Proving that Murdoch, or his father, Rupert, the executive chairman of Fox, had direct influence over what appears and what is said on Fox News will be a central mission of attorneys for Dominion, which is suing Fox for $1.6 billion in damages it alleges it is owed after Fox News made false claims about the Dominion’s actions and influence on the 2020 election. It is the second legal proceeding made against Fox News for its coverage of the aftermath of the 2020 race for the White House. Smartmatic, a separate voting technology company, has filed a massive $2.7 billion suit against Fox News. At issue in the suits are allegations that Fox News falsely claimed the companies had rigged the election, repeated items about the matter and then refused to engage in efforts to set the record straight. The 2020 election was not fixed and its results were certified by multiple legal processes.

Defamation suits are extremely difficult to prove, and a plaintiff must show that the defendants in the case were planning such action with malice ahead of the time that the remarks in question were made. However, a judge has allowed both cases against Fox to proceed and it seems likely that both could head to trial.

Legal experts have already expressed a strong belief that Fox might be found culpable. Dominion has collected troves of conversations in texts and emails showing that some of Fox News’ most popular personalities believed allegations about Dominion and the 2020 election made by surrogates for President Trump were false. Fox has alleged that Dominion has taken quotes out of context to induce maximum shock. “We already know they will say and do anything to try to win this case, but to twist and even misattribute quotes to the highest levels of our company is truly beyond the pale,” Fox said in a statement.

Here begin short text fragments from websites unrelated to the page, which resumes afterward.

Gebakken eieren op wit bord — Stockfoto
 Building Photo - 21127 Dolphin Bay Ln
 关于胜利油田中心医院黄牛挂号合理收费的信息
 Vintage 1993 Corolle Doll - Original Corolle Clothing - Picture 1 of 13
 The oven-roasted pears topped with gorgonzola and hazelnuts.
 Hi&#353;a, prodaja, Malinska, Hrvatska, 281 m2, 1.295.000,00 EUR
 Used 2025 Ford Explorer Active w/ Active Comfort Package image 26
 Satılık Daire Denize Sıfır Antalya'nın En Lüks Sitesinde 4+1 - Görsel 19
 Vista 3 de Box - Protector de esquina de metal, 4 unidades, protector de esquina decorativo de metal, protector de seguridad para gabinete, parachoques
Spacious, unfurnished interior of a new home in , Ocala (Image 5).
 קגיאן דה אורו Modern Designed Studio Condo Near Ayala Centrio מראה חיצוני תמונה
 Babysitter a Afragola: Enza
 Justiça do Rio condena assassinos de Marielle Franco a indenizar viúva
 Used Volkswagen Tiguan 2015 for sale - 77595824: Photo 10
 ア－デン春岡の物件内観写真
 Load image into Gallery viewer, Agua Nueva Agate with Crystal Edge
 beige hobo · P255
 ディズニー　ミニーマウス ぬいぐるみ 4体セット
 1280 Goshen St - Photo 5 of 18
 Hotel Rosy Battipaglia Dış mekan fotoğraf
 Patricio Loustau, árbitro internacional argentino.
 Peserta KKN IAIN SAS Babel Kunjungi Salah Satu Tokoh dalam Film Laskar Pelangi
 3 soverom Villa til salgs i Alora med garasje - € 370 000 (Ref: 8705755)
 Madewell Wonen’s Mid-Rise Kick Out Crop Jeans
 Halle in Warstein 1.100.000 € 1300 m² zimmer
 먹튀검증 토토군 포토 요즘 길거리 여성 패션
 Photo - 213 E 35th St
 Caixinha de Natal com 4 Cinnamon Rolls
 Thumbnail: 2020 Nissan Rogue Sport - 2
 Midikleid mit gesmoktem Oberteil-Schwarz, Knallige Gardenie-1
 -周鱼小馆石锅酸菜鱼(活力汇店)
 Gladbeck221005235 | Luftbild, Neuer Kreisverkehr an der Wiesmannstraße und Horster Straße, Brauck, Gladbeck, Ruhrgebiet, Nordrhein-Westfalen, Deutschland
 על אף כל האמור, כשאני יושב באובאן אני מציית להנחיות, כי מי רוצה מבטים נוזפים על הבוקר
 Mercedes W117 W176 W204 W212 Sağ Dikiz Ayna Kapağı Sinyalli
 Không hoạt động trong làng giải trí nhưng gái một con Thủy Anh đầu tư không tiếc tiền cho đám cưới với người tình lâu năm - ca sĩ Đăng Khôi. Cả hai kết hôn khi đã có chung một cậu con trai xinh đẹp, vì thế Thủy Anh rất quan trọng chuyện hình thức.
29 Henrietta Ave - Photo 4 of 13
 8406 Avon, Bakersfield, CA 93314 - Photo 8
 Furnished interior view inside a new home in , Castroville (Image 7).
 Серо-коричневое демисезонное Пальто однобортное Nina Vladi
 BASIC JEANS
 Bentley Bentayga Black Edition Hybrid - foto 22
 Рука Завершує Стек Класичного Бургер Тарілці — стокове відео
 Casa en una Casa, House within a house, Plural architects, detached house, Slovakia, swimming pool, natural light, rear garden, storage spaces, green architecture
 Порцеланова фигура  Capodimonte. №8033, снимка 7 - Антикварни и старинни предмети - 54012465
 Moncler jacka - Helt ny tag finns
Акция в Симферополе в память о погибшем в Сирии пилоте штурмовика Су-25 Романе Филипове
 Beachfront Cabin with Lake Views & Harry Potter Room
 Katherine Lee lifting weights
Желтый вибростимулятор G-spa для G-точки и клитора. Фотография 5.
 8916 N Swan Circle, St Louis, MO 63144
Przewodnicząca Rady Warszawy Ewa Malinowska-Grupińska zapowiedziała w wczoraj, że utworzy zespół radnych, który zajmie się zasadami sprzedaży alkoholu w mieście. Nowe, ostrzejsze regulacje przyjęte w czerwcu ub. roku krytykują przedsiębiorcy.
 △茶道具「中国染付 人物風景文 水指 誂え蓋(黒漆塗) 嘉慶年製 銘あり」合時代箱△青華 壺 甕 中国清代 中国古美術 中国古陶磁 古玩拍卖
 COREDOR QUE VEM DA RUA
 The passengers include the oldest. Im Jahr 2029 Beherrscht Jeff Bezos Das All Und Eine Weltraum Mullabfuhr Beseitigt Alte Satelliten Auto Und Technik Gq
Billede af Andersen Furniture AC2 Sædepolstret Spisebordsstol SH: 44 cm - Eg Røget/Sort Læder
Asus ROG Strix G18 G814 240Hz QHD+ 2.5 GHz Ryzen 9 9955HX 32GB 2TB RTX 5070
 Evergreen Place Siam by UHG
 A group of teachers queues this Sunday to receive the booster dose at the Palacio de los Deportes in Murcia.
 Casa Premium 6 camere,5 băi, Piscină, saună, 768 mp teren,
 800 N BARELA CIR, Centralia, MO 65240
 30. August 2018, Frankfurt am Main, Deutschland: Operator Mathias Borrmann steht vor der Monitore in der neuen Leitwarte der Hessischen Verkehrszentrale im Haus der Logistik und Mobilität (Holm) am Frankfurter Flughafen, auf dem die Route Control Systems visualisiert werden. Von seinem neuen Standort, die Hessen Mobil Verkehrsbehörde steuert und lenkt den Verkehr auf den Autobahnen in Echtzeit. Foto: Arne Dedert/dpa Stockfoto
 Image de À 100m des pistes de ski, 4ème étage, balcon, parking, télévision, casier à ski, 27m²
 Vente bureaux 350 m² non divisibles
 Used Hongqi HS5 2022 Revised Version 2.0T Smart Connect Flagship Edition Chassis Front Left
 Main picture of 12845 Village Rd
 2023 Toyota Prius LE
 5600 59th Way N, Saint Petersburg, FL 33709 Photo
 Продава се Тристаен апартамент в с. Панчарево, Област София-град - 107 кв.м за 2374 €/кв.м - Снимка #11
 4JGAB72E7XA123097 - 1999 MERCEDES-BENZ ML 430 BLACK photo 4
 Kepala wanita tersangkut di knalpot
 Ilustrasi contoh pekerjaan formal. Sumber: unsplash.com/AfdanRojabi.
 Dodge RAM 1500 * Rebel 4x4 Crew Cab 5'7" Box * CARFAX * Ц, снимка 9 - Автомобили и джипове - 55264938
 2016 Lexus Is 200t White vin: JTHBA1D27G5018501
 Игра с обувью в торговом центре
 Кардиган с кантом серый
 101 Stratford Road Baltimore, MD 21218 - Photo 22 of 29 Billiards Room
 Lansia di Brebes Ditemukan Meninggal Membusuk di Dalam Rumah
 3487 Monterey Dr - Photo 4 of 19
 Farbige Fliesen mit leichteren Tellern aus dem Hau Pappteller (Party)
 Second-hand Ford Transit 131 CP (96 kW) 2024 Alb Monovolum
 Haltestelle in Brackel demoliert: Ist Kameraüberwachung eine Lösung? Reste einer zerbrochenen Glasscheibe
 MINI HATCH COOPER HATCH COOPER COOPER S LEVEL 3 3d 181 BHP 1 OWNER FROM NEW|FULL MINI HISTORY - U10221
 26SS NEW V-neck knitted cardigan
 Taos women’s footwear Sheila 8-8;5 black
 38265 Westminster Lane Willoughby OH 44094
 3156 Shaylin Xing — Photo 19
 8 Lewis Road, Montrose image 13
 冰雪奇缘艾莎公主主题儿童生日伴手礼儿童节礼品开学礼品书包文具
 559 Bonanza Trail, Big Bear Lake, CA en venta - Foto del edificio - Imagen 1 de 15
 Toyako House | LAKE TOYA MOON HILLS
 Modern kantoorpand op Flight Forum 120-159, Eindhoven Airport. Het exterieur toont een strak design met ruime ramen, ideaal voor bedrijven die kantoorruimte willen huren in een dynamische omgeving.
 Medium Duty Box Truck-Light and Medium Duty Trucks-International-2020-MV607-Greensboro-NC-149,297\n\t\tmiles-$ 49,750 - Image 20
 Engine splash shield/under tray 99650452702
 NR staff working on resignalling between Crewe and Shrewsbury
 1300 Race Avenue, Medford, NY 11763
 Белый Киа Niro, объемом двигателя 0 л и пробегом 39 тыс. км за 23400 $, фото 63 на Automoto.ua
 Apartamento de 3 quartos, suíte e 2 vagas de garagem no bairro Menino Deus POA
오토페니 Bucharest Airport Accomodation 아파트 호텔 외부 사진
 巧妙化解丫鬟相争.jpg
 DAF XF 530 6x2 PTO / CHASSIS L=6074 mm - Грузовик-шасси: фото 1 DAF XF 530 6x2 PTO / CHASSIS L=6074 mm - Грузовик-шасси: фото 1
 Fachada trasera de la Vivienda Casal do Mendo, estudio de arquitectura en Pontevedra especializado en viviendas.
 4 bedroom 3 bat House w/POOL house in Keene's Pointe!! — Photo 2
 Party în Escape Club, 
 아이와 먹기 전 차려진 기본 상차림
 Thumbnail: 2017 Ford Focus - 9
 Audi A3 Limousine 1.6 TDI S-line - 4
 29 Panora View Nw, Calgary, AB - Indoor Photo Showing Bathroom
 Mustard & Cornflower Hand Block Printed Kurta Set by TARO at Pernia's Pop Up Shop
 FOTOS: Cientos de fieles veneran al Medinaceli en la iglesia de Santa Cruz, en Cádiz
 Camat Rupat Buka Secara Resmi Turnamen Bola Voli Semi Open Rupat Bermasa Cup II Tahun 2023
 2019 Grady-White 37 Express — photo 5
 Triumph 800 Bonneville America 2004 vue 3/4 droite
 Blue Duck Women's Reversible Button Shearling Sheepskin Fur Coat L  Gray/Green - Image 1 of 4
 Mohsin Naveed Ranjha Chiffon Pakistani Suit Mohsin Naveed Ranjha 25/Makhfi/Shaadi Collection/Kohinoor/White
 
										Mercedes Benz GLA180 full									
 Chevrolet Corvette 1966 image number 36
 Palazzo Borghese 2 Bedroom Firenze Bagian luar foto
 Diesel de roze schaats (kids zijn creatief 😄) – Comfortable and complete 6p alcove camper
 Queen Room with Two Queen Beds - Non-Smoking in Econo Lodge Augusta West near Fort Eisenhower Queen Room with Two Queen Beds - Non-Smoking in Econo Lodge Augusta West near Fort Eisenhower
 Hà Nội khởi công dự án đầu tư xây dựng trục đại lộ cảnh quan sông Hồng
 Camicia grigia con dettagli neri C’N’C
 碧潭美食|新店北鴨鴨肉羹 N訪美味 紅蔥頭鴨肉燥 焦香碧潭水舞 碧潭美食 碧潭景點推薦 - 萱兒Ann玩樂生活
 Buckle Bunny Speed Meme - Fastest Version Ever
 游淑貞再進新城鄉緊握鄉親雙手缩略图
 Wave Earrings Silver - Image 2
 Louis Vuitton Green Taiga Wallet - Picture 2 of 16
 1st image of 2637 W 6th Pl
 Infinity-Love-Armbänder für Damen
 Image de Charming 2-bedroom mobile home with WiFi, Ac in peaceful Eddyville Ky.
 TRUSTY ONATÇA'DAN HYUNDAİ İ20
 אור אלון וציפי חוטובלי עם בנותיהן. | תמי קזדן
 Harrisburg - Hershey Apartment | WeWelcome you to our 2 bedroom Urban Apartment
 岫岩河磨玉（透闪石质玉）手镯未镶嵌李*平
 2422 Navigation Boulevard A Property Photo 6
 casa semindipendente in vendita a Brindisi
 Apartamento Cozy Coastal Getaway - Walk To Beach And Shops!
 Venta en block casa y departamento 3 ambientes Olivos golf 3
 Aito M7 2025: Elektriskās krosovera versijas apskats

Even the top operational executive overseeing Fox News declined to take any blame. “I don’t decide what’s on Fox News. I entrust that to the editorial leadership teams and the individual shows to make those decisions about what’s in their shows,” said Suzanne Scott, CEO of Fox News Media, in one of the depositions. She added: “You know, have to understand, I take a 50,000-foot view with all of the businesses, ·and I don’t get granularly involved in the handling of shows on the network. Either network, either platform, and any platform.”

As for Rupert Murdoch, who, despite being in his 90s, is still seen as Fox’s guiding light? He portrayed himself as a person of little influence.

“And, sir, when you speak, you understand that, just like E.F. Hutton, people listen?” asked one interlocutor.

“I don’t really think so,” Murdoch replied in a deposition.

“You don’t think that people listen to your voice?

“I think my influence over other publishers is — is greatly overestimated.”

“Do you think your influence within Fox is greatly overestimated?”

“By the outside world, yes.”

Even so, Murdoch winked at his real power. “Do you think when the chairman of Fox Corporation suggests content, people will listen to ·what you have to say?” he was asked. “I certainly hope so,” Murdoch replied.